» **RECORDS FOR PROCESSING**

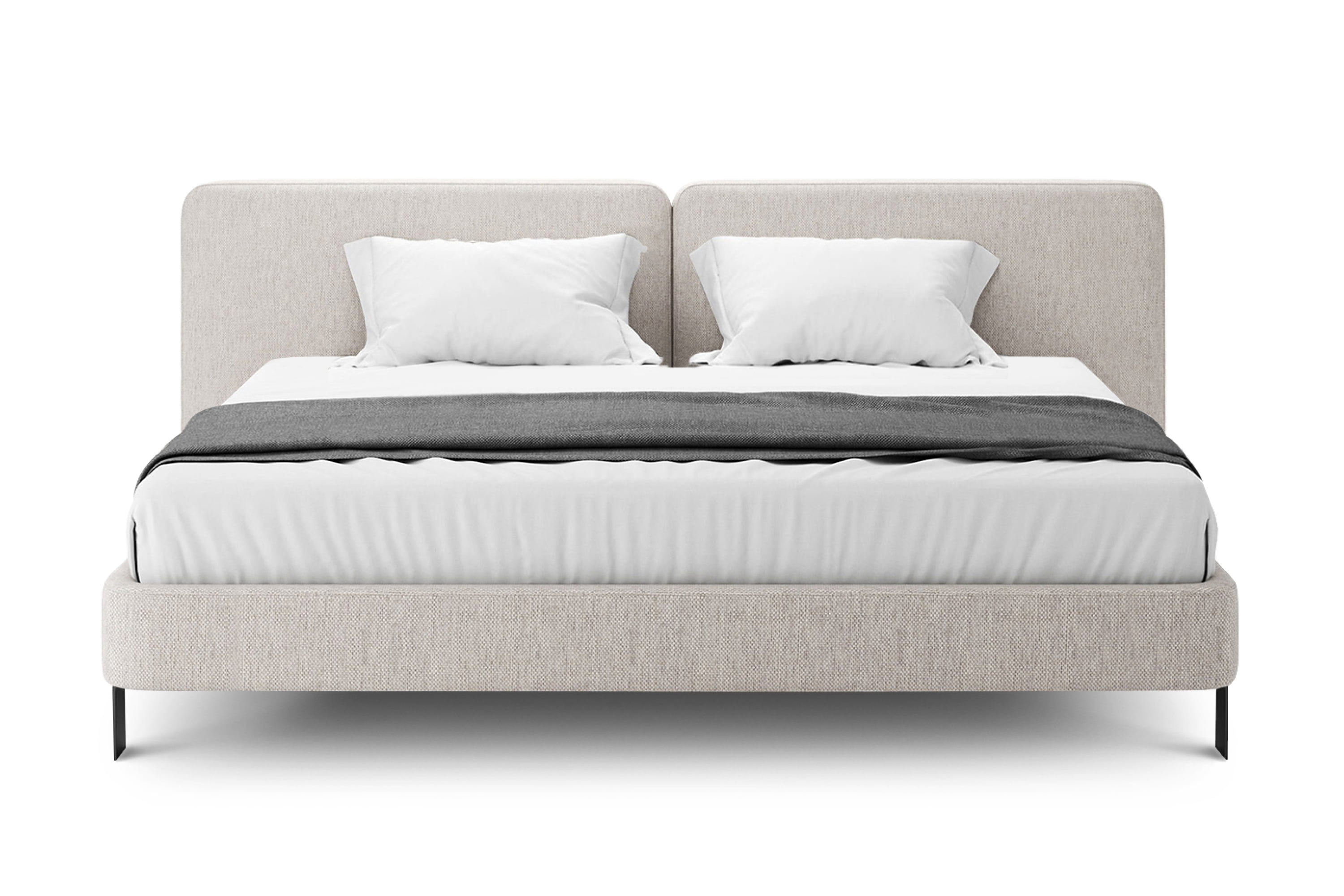 Двуспальная Кровать Тадао на ножках  размер 180x200 см. Фото 1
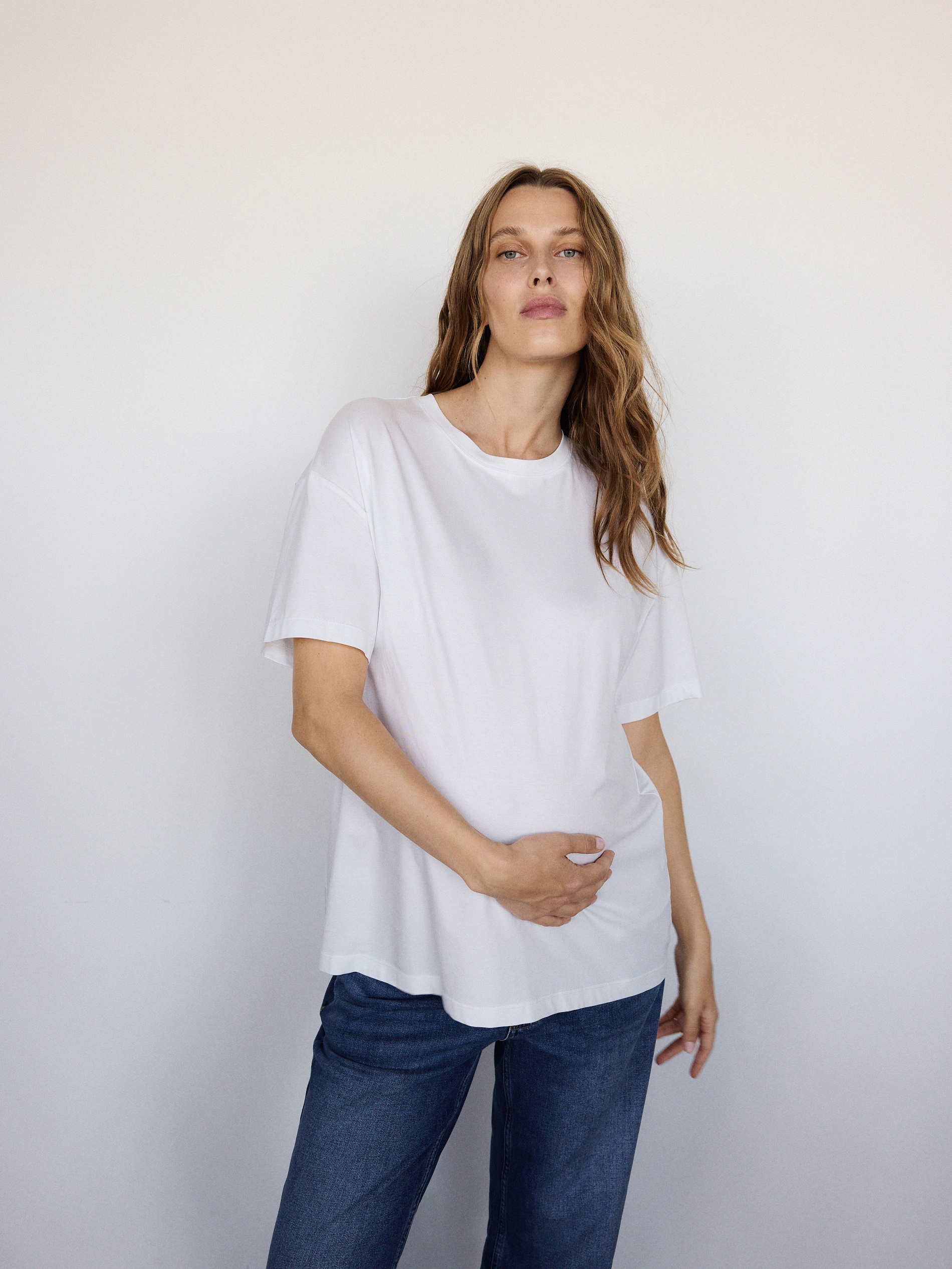 Reserved - Μπλούζα oversize από μείγμα modal φωτογραφία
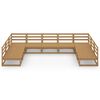 vidaXL Juego de muebles de jard&iacute;n 9 piezas madera maciza de pino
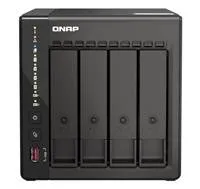 QNAP TS-453E-8G 4-bay desktop NAS, 4-core Intel, 8GB DDR4, 4xSATA, 2xM.2, 2x 2.5GbE, 2xHDMI, 4xUSB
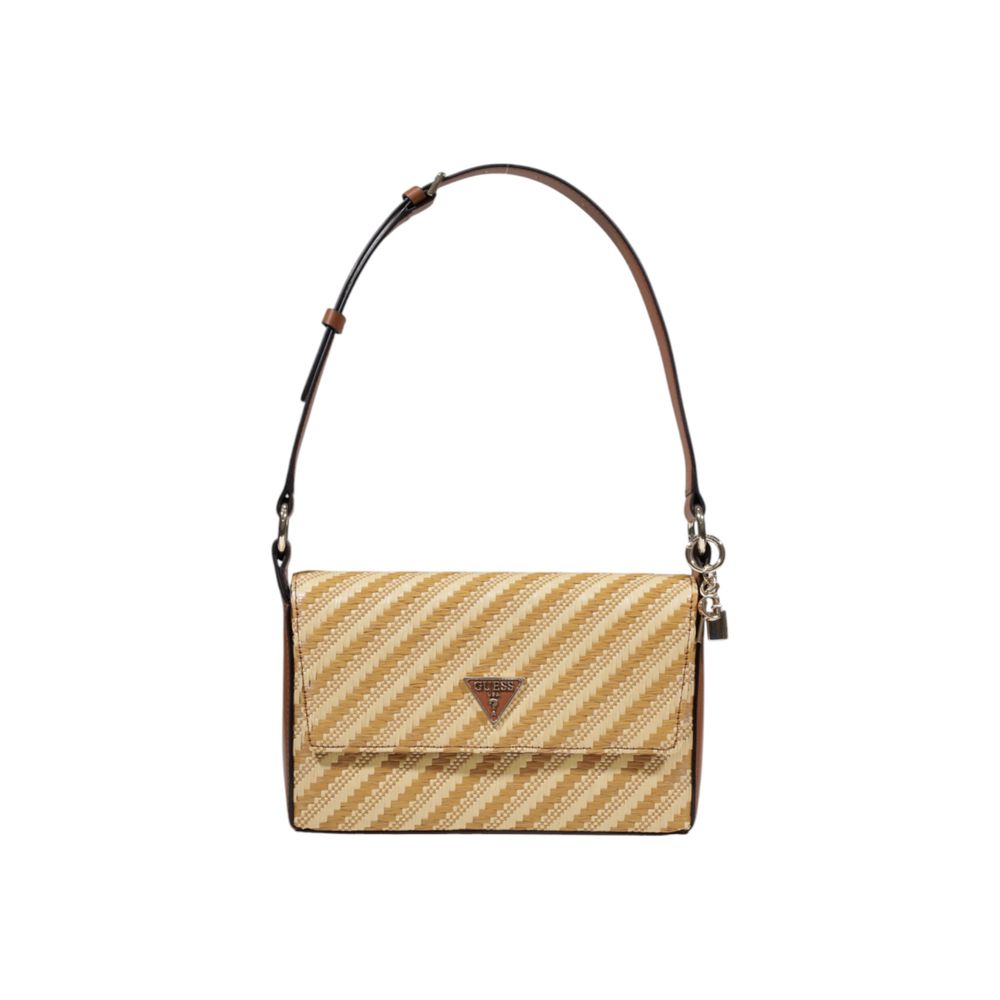 Borsa a mano Guess in polipropilene beige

» **EXERCISE**
Each line from the first line of the records through the line containing "vidaXL Juego de" must be reproduced exactly, with both ends included and all pictures omitted; nothing else belongs in the answer.

» **TASK RESULT**
 Двуспальная Кровать Тадао на ножках  размер 180x200 см. Фото 1
 Reserved - Μπλούζα oversize από μείγμα modal φωτογραφία
 vidaXL Juego de muebles de jard&iacute;n 9 piezas madera maciza de pino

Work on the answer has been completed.